Averroes
AVERROÈS (1126-1198)
“ Le mal c’est ce contre quoi on lutte quand on a renoncé à l’expliquer “ Paul Ricoeur
Après que notre frère Freddy Ben :. ait planché ici même sur Abraham Aboulafia, j’ai pensé qu’il serait utile de reparler de l’âge d’or andalous tant cette période de l’histoire est méconnue.
J’ai longtemps hésité entre Averroès et Ibn Khaldoun qui a évolué entre sa Tunisie natale et la cour des sultans andalous. Pour essayer de comprendre la pensée d’Averroès je commencerai par faire un état des lieux historique du contexte socio-politique de l’Andalousie du XIIème siècle.
L'Andalousie: creuset de la cohabitation multiethnique et multireligieuse.
L'Andalousie connaît à partir du début du huitième siècle et pendant près de huit siècles l'explosion d'une civilisation unique, non-violente, qui rayonne sur toute la région et même au-delà. Elle devient le centre des arts et des industries, le phare des sciences et des lettres. Ses universités à Cordoue, Séville et Grenade sont le lieu de rencontre d'étudiants, de savants et hommes de lettres venus d'Orient et
d'Occident.
Dès le néolithique les Ibères, un peuple peut-être originaire du Sahara s'y installe, suivis des Celtes, peuple parlant une langue indo-européenne, originaire du sud ouest de l'Allemagne.
Vers 1100 avant J.-C. les premières colonies phéniciennes (Cadix) puis grecques (Alicante) et carthaginoises (fondation d'Ibiza au Vième siècle av. J.-C.) s'y installent. L'occupation romaine dure jusqu'au IIIème siècle. Beatica fut l'une des trois provinces romaines ibériques et sa capitale Cordoue. La christianisation du pays eut lieu au IIIème siècle. Après la chute de l'empire romain, l'occupation vandale de 395 à 409 de l'Andalousie (dont le nom serait issu de Vandaloucia donnée à la presqu'île ibérique par les Vandales) ne dure pas longtemps car en 410 le pays tombe sous la domination des Wisigoths.

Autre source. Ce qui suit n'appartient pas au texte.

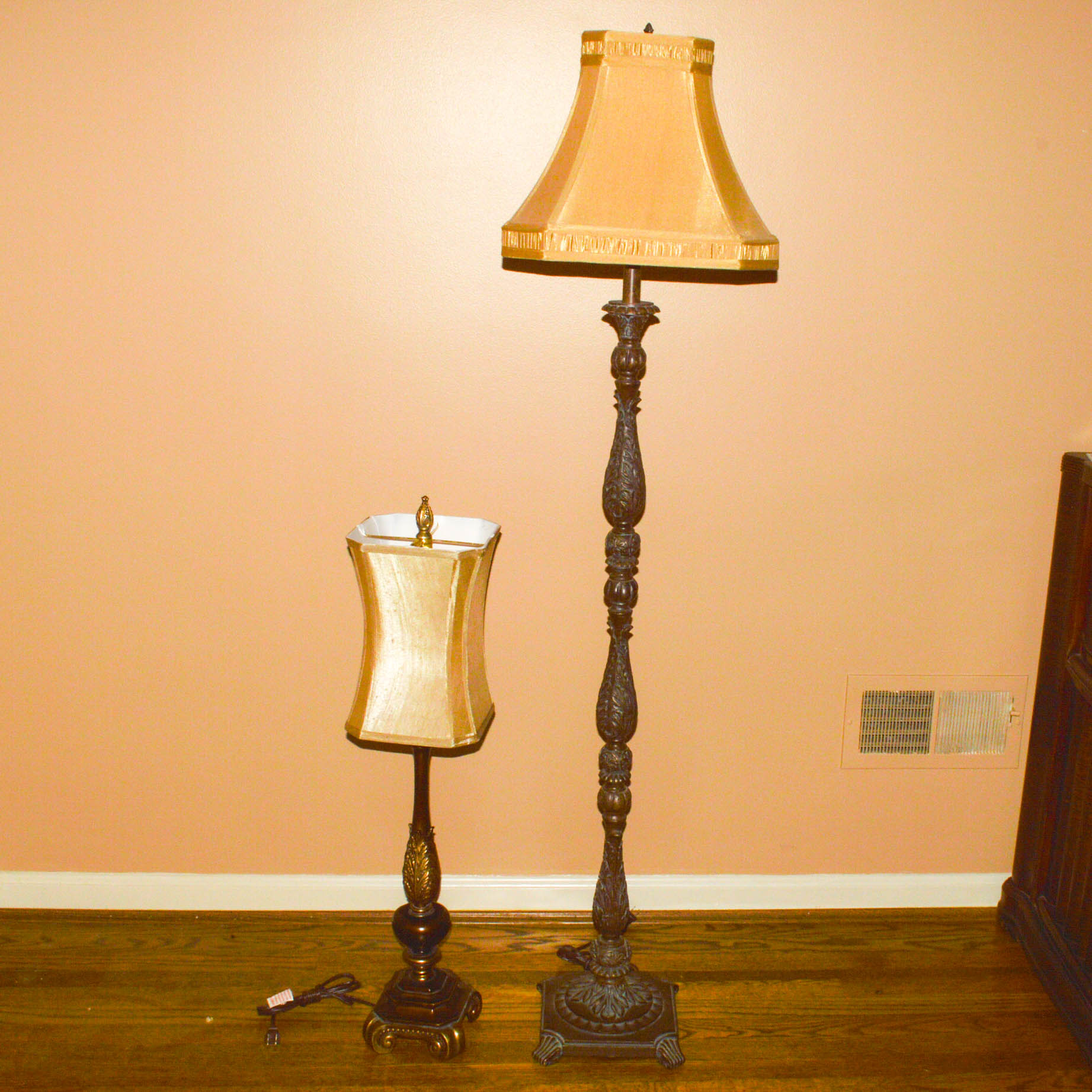 Two Ornate Lamps With Neutral Shimmery Shades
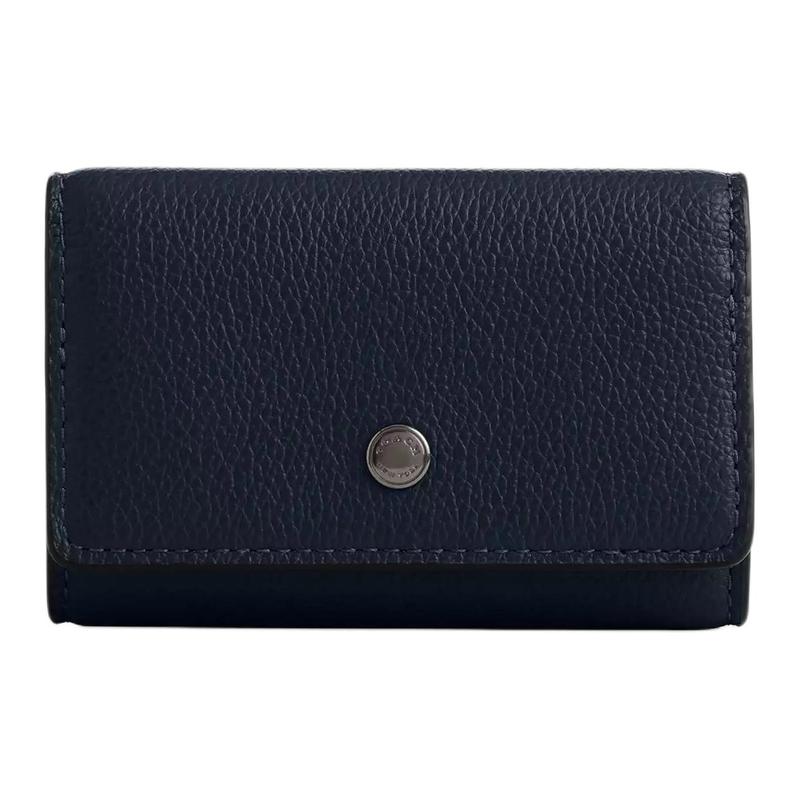 COACH 10 Tri-fold design with snap closure Leather Key Case Mini Men Midnight Navy midnight navy синий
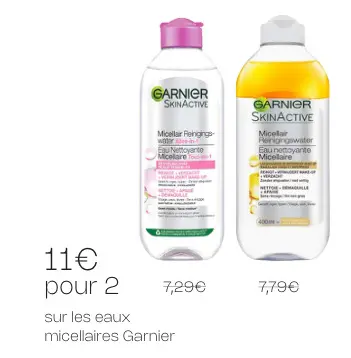 Offre: Sur les eaux micellaires Garnier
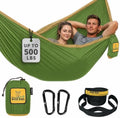 Wise Owl Outfitters Hammock for Camping Double Hammocks Gear for The Outdoors Backpacking Survival or Travel - Portable Lightweight Parachute Nylon DO Green & Khaki by WiseOwlOutfitters
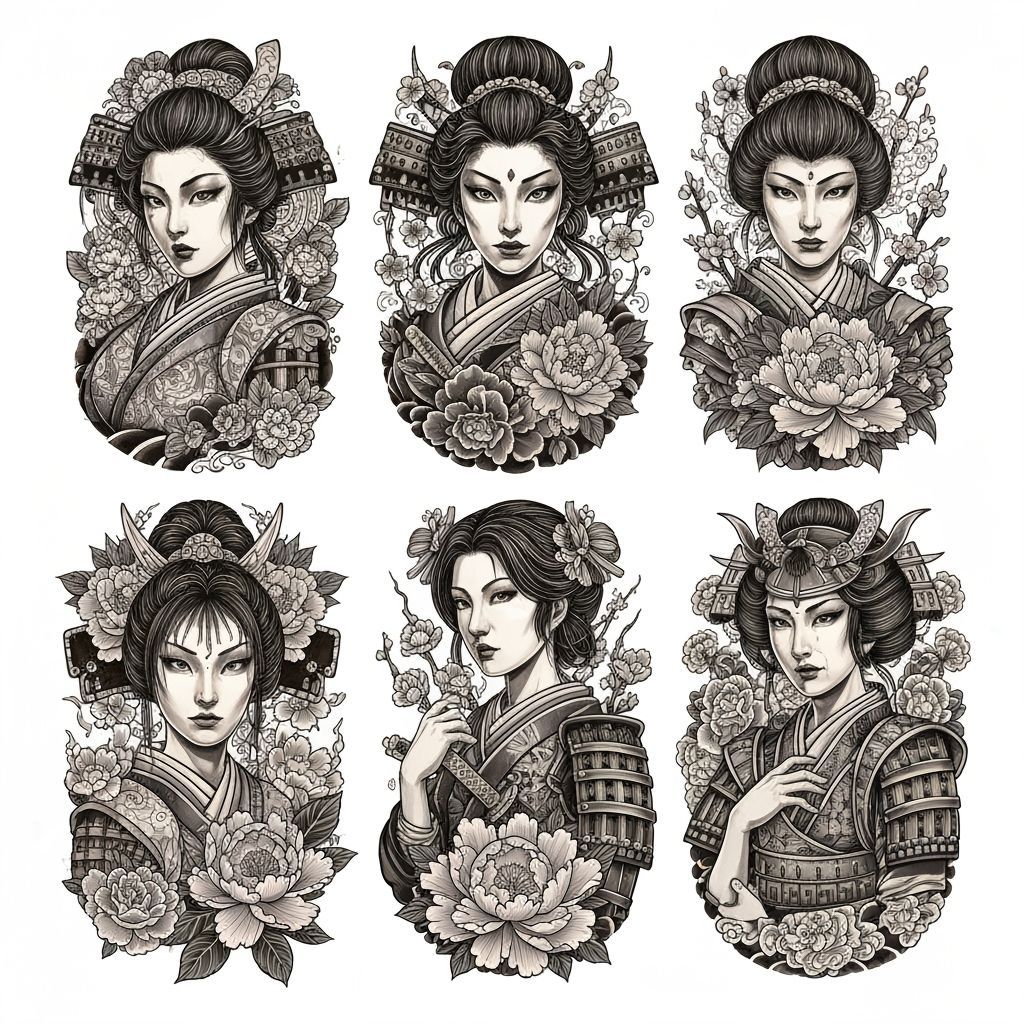 Samurai Warriors Tattoo Design Sheet in Japanese Style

De l’autre coté des colonnes d’Hercule, l'Afrique du Nord est gouverné par Moussa Ibn Noceir. Les Omeyyades règnent alors sur l'empire musulman dirigé par le calife El Walid Ibn Abdelmalek.
En 711 Tarik Ibn Ziyad le gouverneur berbère de Tanger, arrive en Andalousie avec ses hommes, berbères et arabes, en traversant ces mêmes Colonnes d’Hercule qui deviendront le détroit de Djebel Tarik (Gibraltar).
A l'arrivée des Musulmans c'est la rencontre entre deux peuples, deux civilisations qui se découvrent, l'une occidentale et l'autre orientale. Les principales ethnies qui composent l'Andalousie sont les Espagnols convertis ou non à l'Islam, les Arabes, les berbères et les juifs. Le peuple andalou est issu d'une composante occidentale et orientale dont le mixage donne aux andalous leurs particularités comme le reflètent leur langue, leurs savoirs, leurs musiques, leurs traditions, leurs coutumes.
Les Andalous sont connus pour être très fiers et pour leur amour du savoir.
Nombreux sont les hommes de lettres et de sciences, les théologiens, les philosophes, les historiens, les médecins, les géographes, les herboristes issus de ce riche creuset qui concurrencent à l'époque leurs homologues des pays tels la Perse, l'Egypte et même l'Irak.
Développement épanouissement de la société andalouse par le biais de réformes sociales, économiques.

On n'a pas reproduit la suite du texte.